THE TASK:
Using the listing below, print exactly everything from the line with "1pce 5mm Natural" down to the line with "Φωτιζομενη Μπαλα 6cm, Χριστουγεννιατικη", both included, and nothing more.

RECORDS FOR THIS EXERCISE:
━━━━━━━━━━━━━━━━━━━━

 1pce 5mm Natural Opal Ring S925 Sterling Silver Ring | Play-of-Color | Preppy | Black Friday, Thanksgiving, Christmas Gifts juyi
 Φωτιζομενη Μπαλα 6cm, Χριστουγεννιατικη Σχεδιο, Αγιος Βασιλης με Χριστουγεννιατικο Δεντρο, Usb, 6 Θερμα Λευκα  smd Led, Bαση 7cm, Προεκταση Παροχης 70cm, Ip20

━━━━━━━━━━━━━━━━━━━━

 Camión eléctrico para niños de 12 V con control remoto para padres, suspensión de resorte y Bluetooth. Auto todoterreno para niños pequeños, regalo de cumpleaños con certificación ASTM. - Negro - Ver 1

━━━━━━━━━━━━━━━━━━━━

ANSWER AREA:
 1pce 5mm Natural Opal Ring S925 Sterling Silver Ring | Play-of-Color | Preppy | Black Friday, Thanksgiving, Christmas Gifts juyi
 Φωτιζομενη Μπαλα 6cm, Χριστουγεννιατικη Σχεδιο, Αγιος Βασιλης με Χριστουγεννιατικο Δεντρο, Usb, 6 Θερμα Λευκα  smd Led, Bαση 7cm, Προεκταση Παροχης 70cm, Ip20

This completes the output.